Before the ice melted, Zammis was talking. Its first word was aimed at the nasty weather. It said "Damnwind." I could only guess where it picked up language like that.

I taught Zammis to call me "Uncle."

For lack of a better term, I called the ice-melting season "spring." It would be a long time before the scrub forest showed any green or the snakes ventured forth from their icy holes. The sky maintained its eternal cover of dark, angry clouds, and still the sleet would come and coat everything with a hard, slippery glaze. But the next day the glaze would melt, and the warmer air would push another millimeter into the soil.

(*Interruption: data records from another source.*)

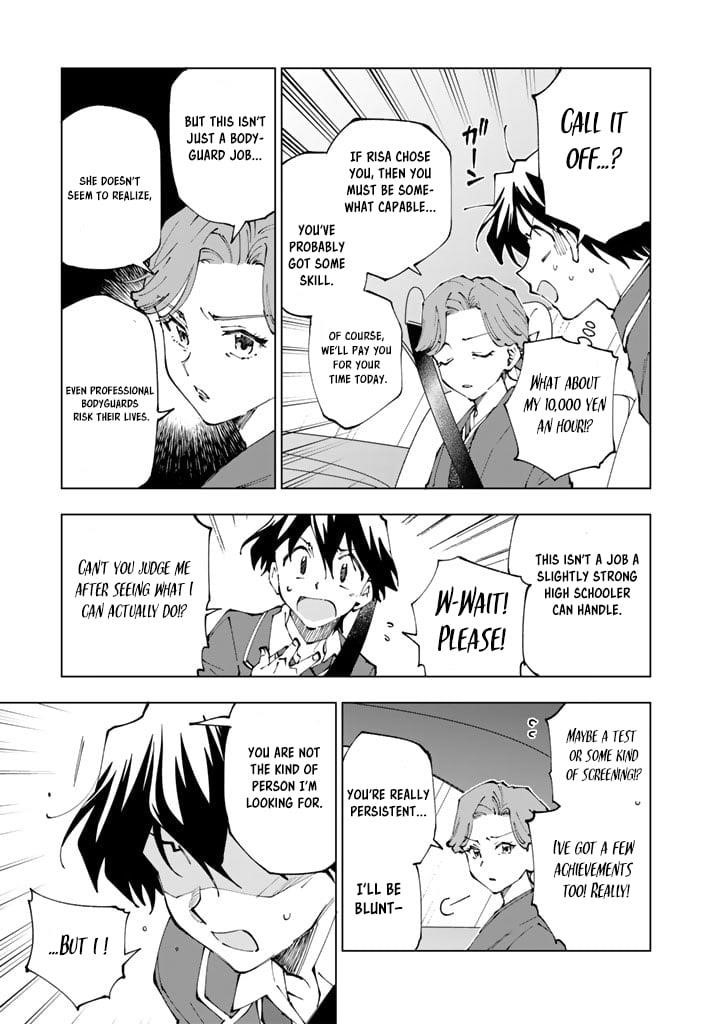 Isekai Tensei… Saretenee! Chapter 67 - Page 11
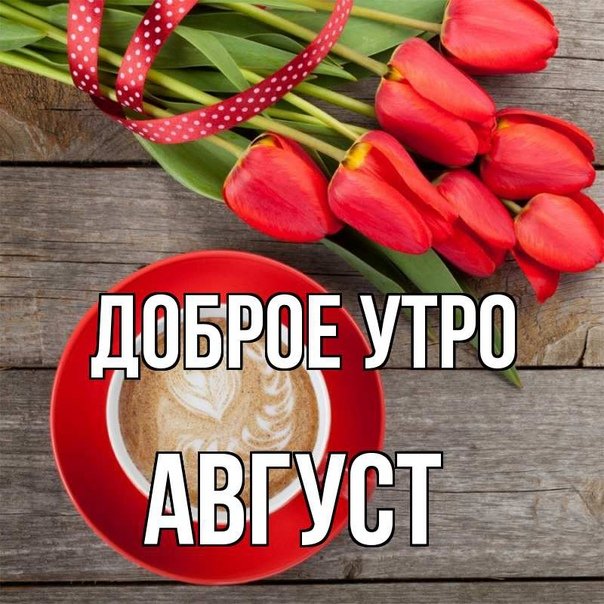 Доброе утро Доченька💓Милое пожелание 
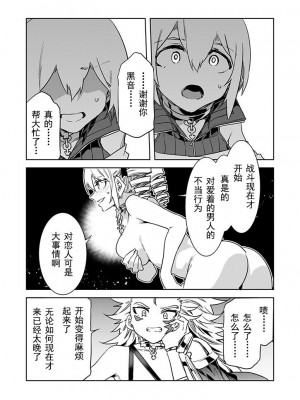 [水龍敬] ラブスレイヴ 第25話 (コミックめづ 2023年10月27日) [caro个人翻译]_28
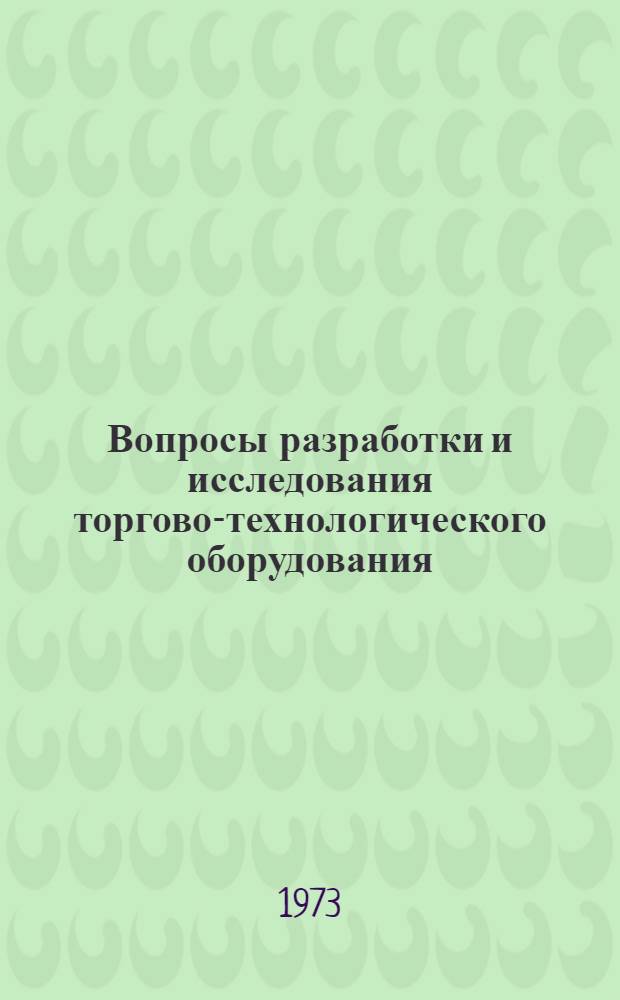 Вопросы разработки и исследования торгово-технологического оборудования : Темат. сборник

I realized that this was the time to be gathering wood. Before the winter hit, Jerry and I working together hadn’t gathered enough wood. The short summer would have to be spent putting up food for the next winter. I was hoping to build a tighter door over the mouth of the cave, and I swore that I would figure out some kind of indoor plumbing. Dropping your drawers outside in the middle of winter was dangerous. My mind was full of these things as I stretched out on my mattress watching the smoke curl through a crack in the roof of the cave. Zammis was off in the back of the cave playing with some rocks that it had found, and I must have fallen asleep. I awoke with the kid shaking my arm.